↓

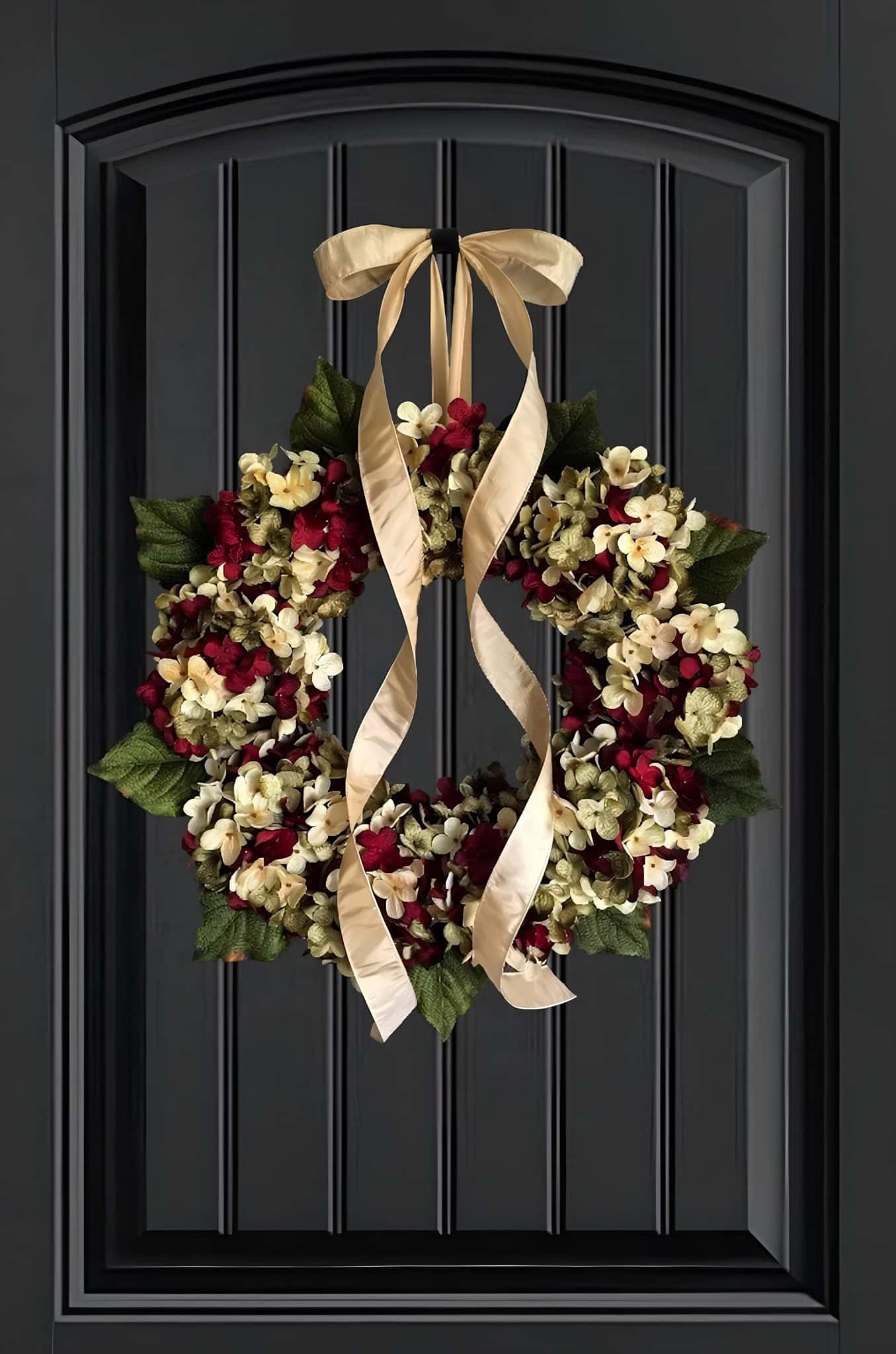 Luxe hydrangea Christmas wreath in cream, wine and olive with a flowing champagne ribbon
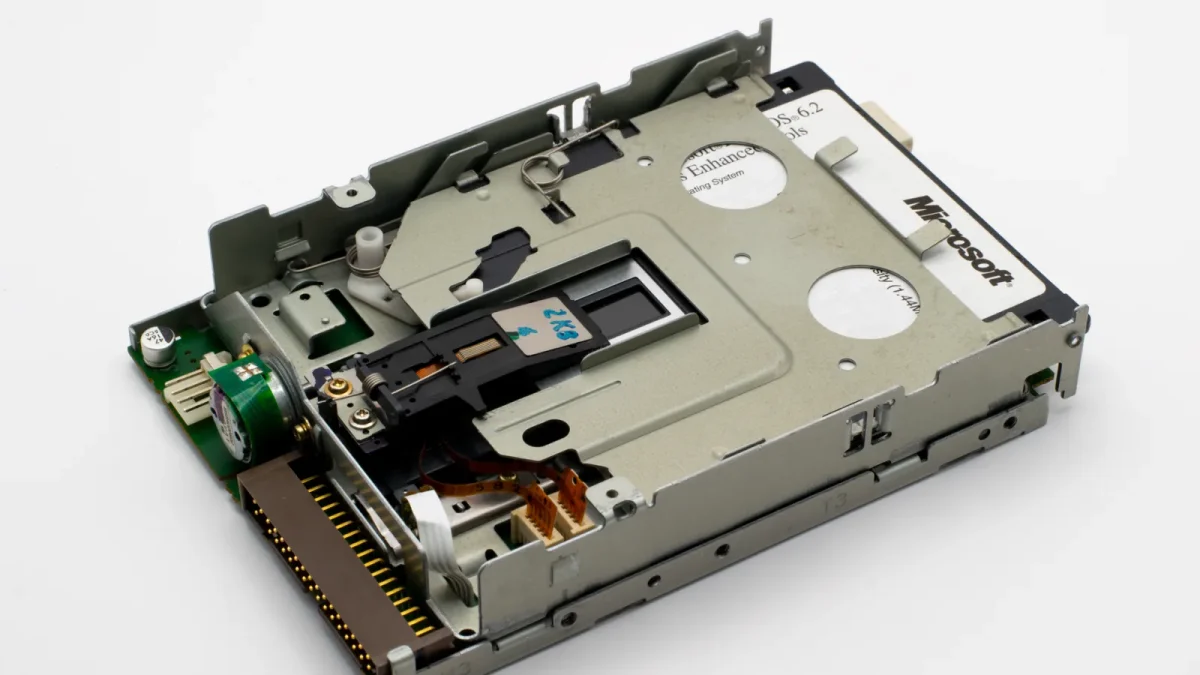 Detailed view of a vintage Microsoft floppy disk drive showcasing retro technology components.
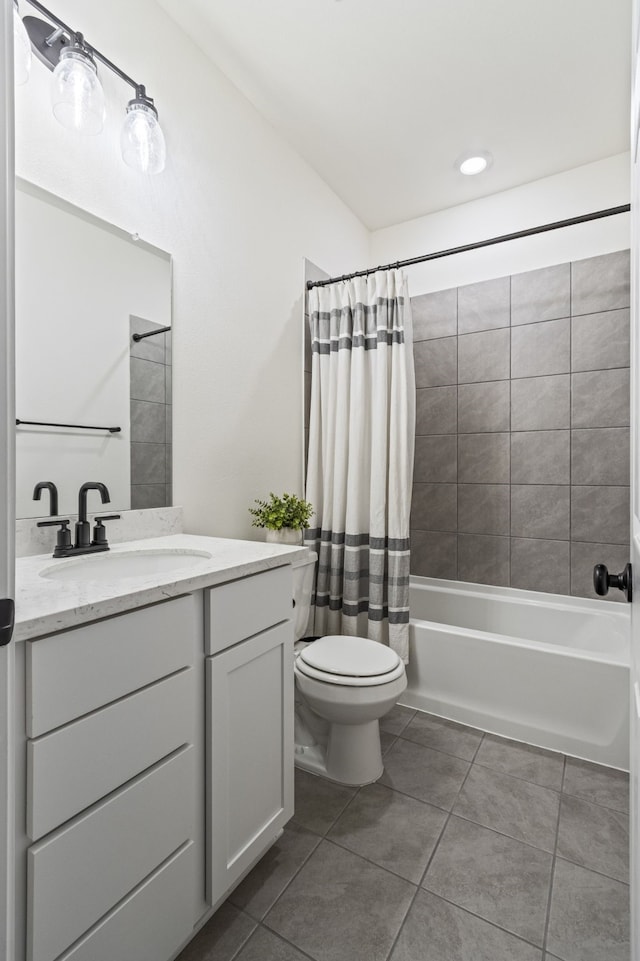 full bathroom with vanity, tile patterned floors, toilet, and shower / bath combo with shower curtain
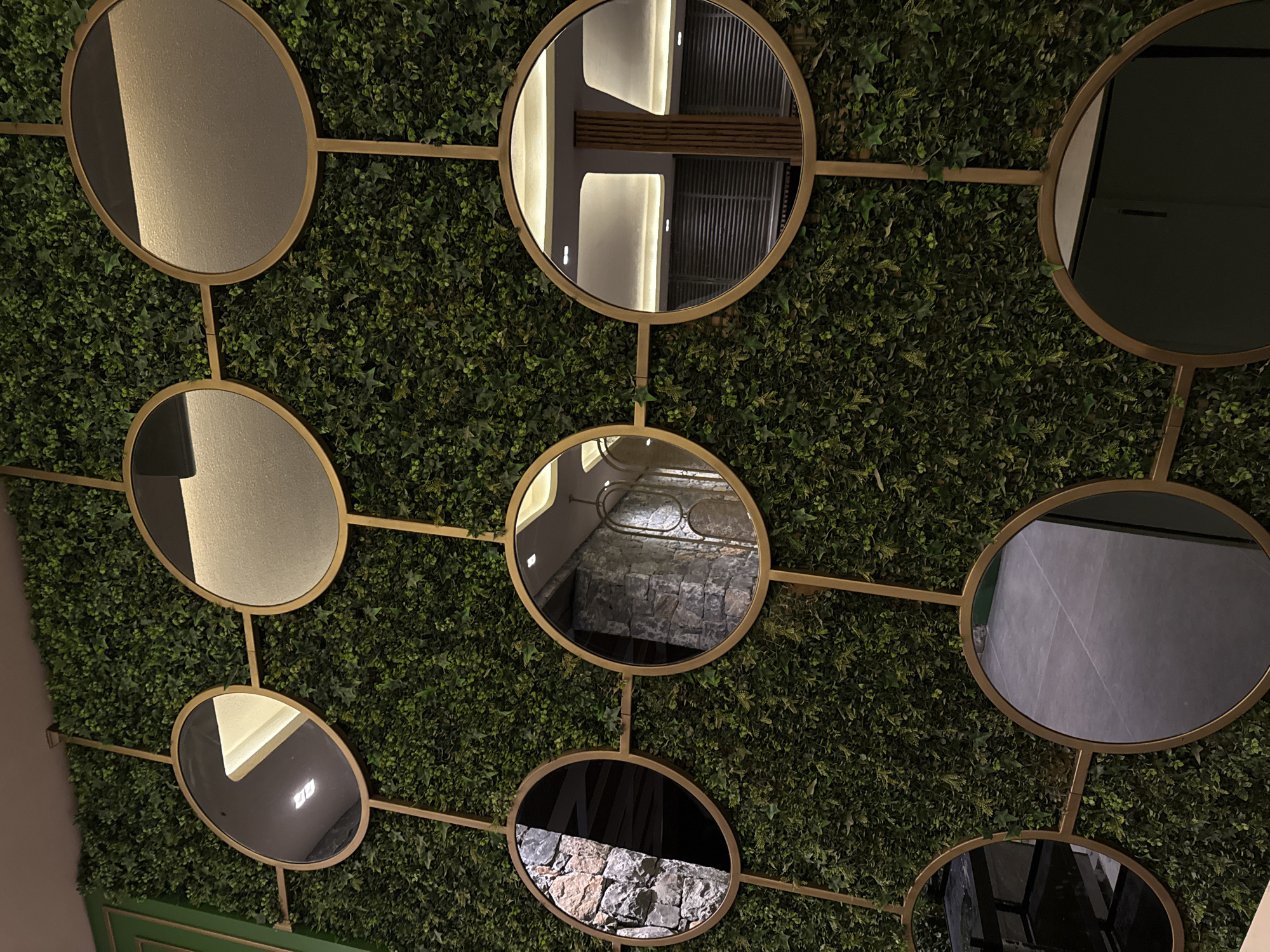 A wall decorated with artificial greenery features a geometric arrangement of circular mirrors with gold frames. The mirrors reflect different parts of an indoor environment. One mirror reflects a ceiling with recessed lighting and what appears to be a wooden slatted partition. Another reflects a stone wall. A third reflects a floor with visible tile lines. Two other mirrors reflect dark, indistinct areas, possibly furniture or cabinets. The scene is well-lit, suggesting it is indoors. There are no people visible in the image. The style of the decor, particularly the artificial greenery and gold accents, suggests a modern and possibly upscale establishment. It is located in Bodrum, Turkey, suggesting a context of a hotel, restaurant, or retail space in a popular tourist destination known for its aesthetic appeal.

↑

EXERCISE DETAILS:
Omit the pictures and write out the lines above from the one with "full bathroom with" through the last, unchanged.

REPLY TO THE TASK:
 full bathroom with vanity, tile patterned floors, toilet, and shower / bath combo with shower curtain
 A wall decorated with artificial greenery features a geometric arrangement of circular mirrors with gold frames. The mirrors reflect different parts of an indoor environment. One mirror reflects a ceiling with recessed lighting and what appears to be a wooden slatted partition. Another reflects a stone wall. A third reflects a floor with visible tile lines. Two other mirrors reflect dark, indistinct areas, possibly furniture or cabinets. The scene is well-lit, suggesting it is indoors. There are no people visible in the image. The style of the decor, particularly the artificial greenery and gold accents, suggests a modern and possibly upscale establishment. It is located in Bodrum, Turkey, suggesting a context of a hotel, restaurant, or retail space in a popular tourist destination known for its aesthetic appeal.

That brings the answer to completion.